Yowza!!!!!!! Can you say, so not sleeping any longer, three times fast?
I had suspicions of a mouse in the house for a couple of days, but nothing definite. No mouse trails of mouse poo, no nibbled bread or crackers or packaging. Apparently, this mouse has been making a bee-line into my upstairs root closet, and noshing on dried apple slices. (Well, the rabbits do love them, and they are distantly related to mice.) So here I sit, sheets in the washer, coffee brewing, and a nice snappy mouse trap baited, set, and placed in the closet upstairs. Here's hoping that Mr. Leaping Mouse is as entranced by peanut butter-cat food bait as he is by my dried apple slices.
I may go to bed tonight with a tennis racket, wearing a hat.
Wednesday, January 4, 2012
A Permanent Birthday Present
What, did you think this was on my ass?
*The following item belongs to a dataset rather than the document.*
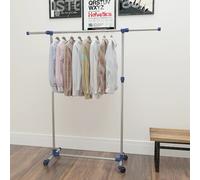 Porte-vêtements Réglable Acier Inoxydable Argenté Porte-manteau Maison vidaXL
We don't post those kind of pictures on this blog, people.
At least, not yet. Hah!
P.S. Yes, it did hurt.
Tuesday, January 3, 2012
A Sign of the Times
Sunday, January 1, 2012
It's a New Year!
After filling up on hot coffee, eggs and bacon, I headed out to excavate the animals. The chickens don't particularly like the snow, so I got an earful of poultry complaints. They were mildly molified when I produced left-overs from dinner last night (it was great, halibut with bananas, rice, and brocolli, but believe me, the company was even better) and a scoopful of scratch grains, as well as fresh water and a quart of kibble. The rabbits were in danger of roof collapse....well, not really, but the canvas roof was stretched pretty low. It is a breeze to clear off though, and kind of fun to wiggle and slide the clumps of snow off. It is impressive how dark a few inches of snow can make the interior of the bunny barn. No wonder why the Eskimos and survivalists realized that snow is actually a good insulator! Max the wonderdoodle and Phoebe the circus hound were having a great time frolicking in the new snow. I think fresh snow makes every dog channel their inner wolf, and dream of mushing across the icy tundra. Well, I like to think that anyway. Probably they are just excited to have new material to pee on.
Now I am back indoors, sipping yet more hot coffee and contemplating a Psych marathon. I love that show, so witty and so slapstick at the same time. It appeals to my strangely wired little brain in a very subtle way. Tomorrow is Day #2 of a New Year, and who knows what grand adventures await me. Today, I plan to relax and enjoy a snowy day.
P.S. Lucille Laverne won't fit in my car hut! It's not the end of the world, though. Her back end will squeeze in, so not too much snow will pile into the back.